Дивинский поблагодарил, и не прошло пяти минут, как молодые люди ели и пили, как добрые приятели. Сумароков был смел. Он понял, что ни бежать, ни сопротивляться невозможно, и мужественно глядел вперед. Он был уверен, что в Митаве его не казнят, а в Москве все же он надеялся на Ягужинского и его тестя великого канцлера Головкина и, главным образом, на императрицу. Не позволит же она казнить офицера гвардии только за то, что он ради ее пользы пренебрег верховниками!

– Вы победили, – говорил он Федору Никитичу. – Не знаю, будет ли то на благо России, но не будьте жестоки. Вспомните Меншикова. И что может ожидать вас! Императрица смела и лукава. Она не дастся без боя. Одно хорошо затеяли господа министры – это не пускать в Россию этого подлого конюха Бирона!

– Ага, – ответил Дивинский. – Он стал как шелковый. Прямо как собака смотрит в глаза князю Василию Лукичу.

– Дай ему только воли, он покажет себя, – заметил Сумароков.

– Так едем? – спросил Дивинский.

– Слово дворянина – я не сделаю попытки к бегству, – ответил Сумароков. – Но… – добавил он. – Вы захватили меня, но кто‑то был у нее до меня, быть может, важнейший…

– Как так? – с тревогой спросил Дивинский.

Тут Сумароков подробно рассказал Федору Никитичу дорожные приключения Якова и свои подозрения. Дивинский внимательно выслушал его.

– От кого же он мог быть?

На этот вопрос он не находил ответа. Только тревожное чувство сжимало его сердце. Где‑то в темноте терпеливо и настойчиво кто‑то подготовлял им гибель. Нет врага страшнее незримого.

Яков, узнав об обещании своего господина, заявил, что барина своего ни за что не оставит.

Солдаты с Яковом вывели за ворота лошадей и ждали офицеров. В это время вдали на дороге, ярко озаренной луной, показался несущийся во весь опор всадник.

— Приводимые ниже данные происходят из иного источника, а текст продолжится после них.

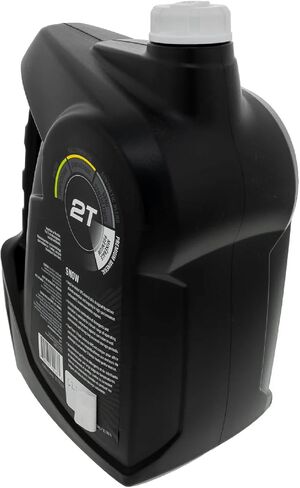 Ski-Doo OEM 1 Gallon XPS 2-Stroke Premium Mineral Oil ، 9779120 in Saudi Arabia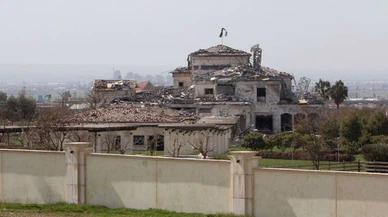 Erbil'deki saldırıyı İran Devrim Muhafızları üstlendi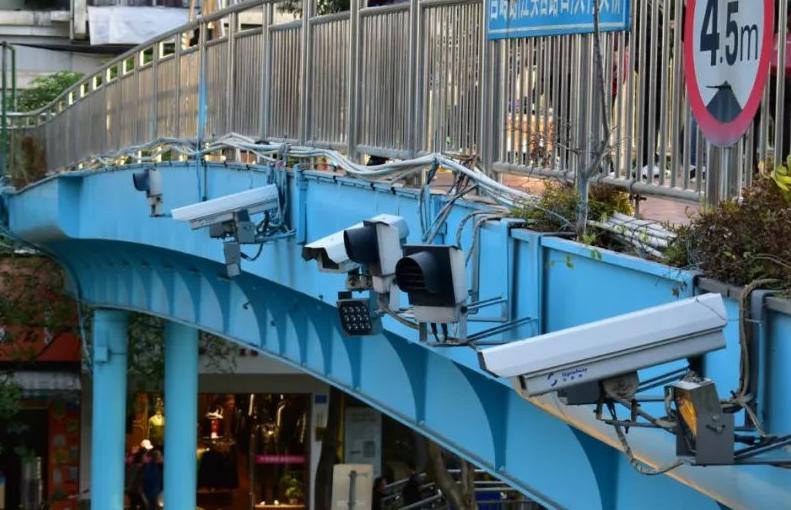 解读道路上的几种摄像头,路上摄像头都有哪些种类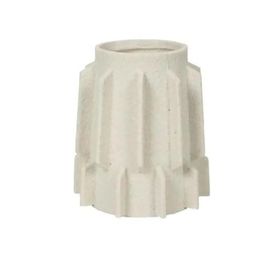 Vitale AK.ID0136 Polyester 15x15.5x18 cm Vazo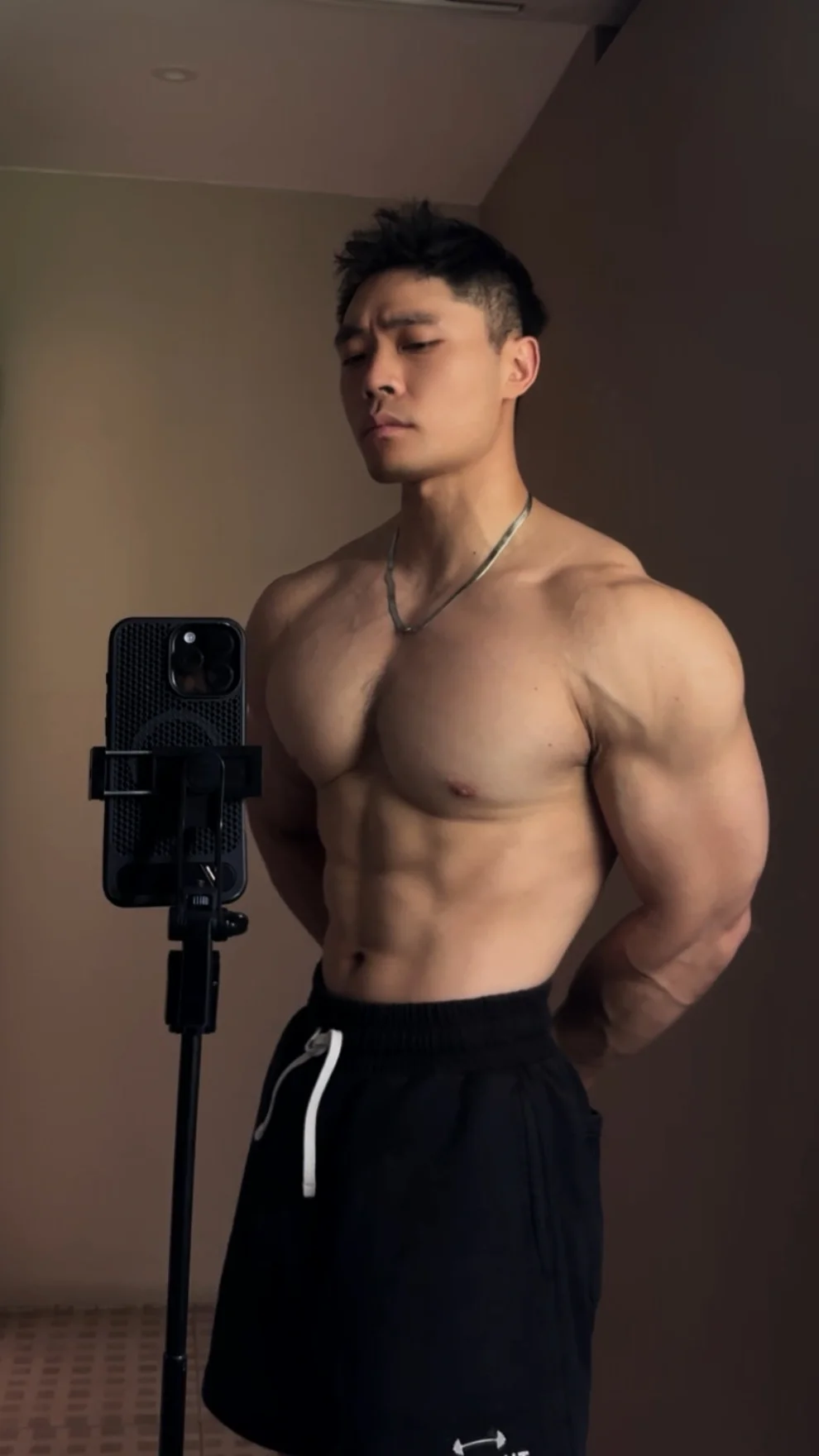 上午极致自律 下午随心所欲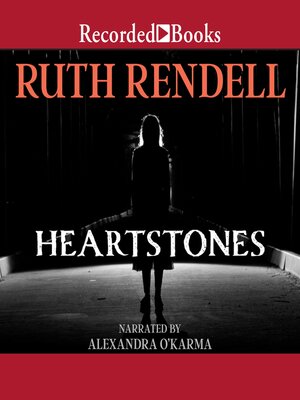 Heartstones - Audiobook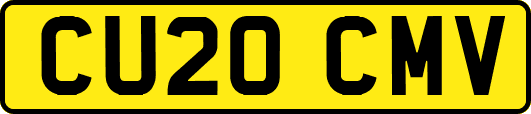 CU20CMV
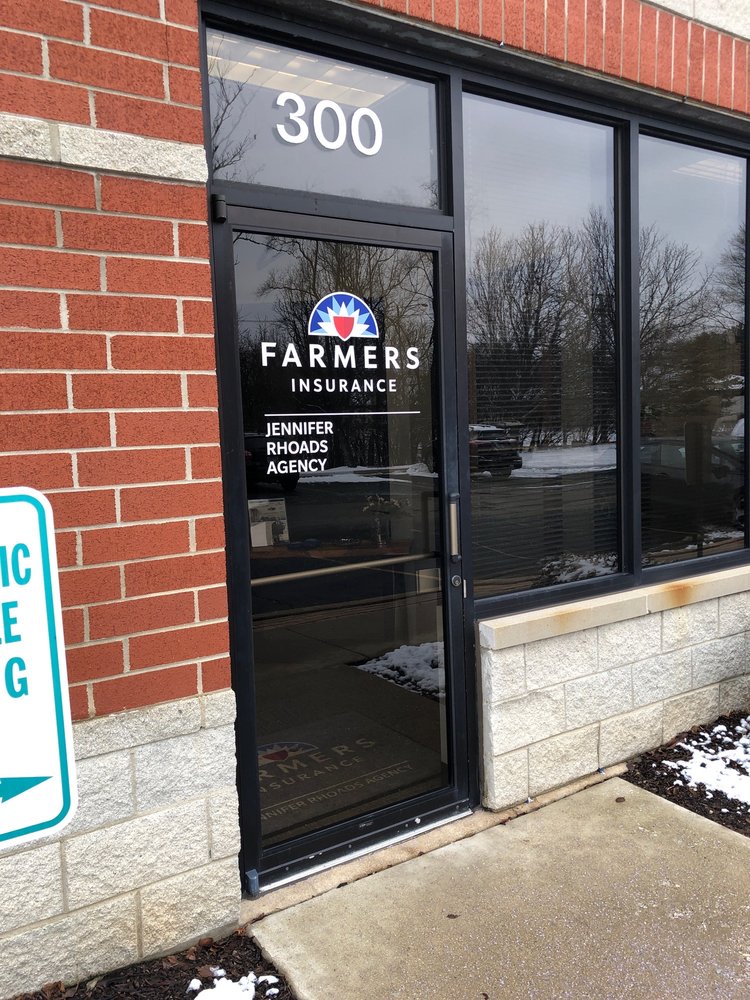 FARMERS INSURANCE JENNIFER RHOADS Request a Quote 2315 Dean St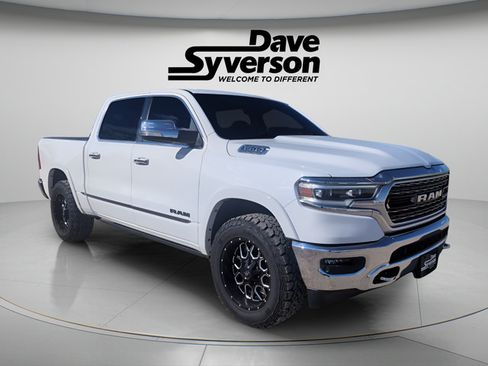 Used 2022 RAM 1500 Limited AWD/4WD image 3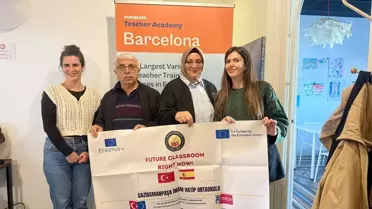 İnegöl'de Yenilikçi Eğitim Projesi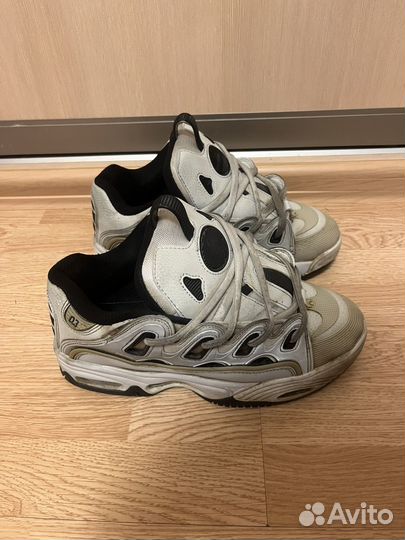 Osiris d3 белые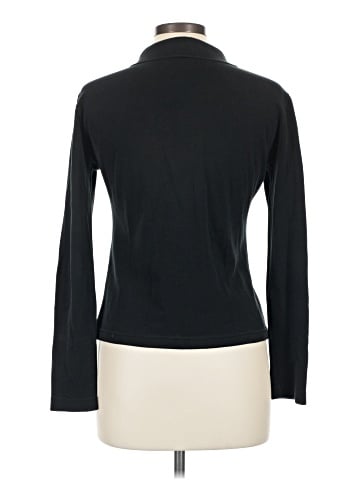 Lacoste Long Sleeve Polo (view 2)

– Надо задержать, – произнес один из солдат. Но едва он выехал на середину дороги и крикнул; – Стой! Кто едет? Как всадник уже наскочил на него.

– Прочь! – закричал незнакомец.

В ту же минуту блеснул огонек, раздался выстрел, лошадь преображенца встала на дыбы, шарахнулась в сторону, и незнакомец пронесся дальше.

– Он! Он! Это он! – как сумасшедший, закричал Яков. – Бей его, кто в Бога верует!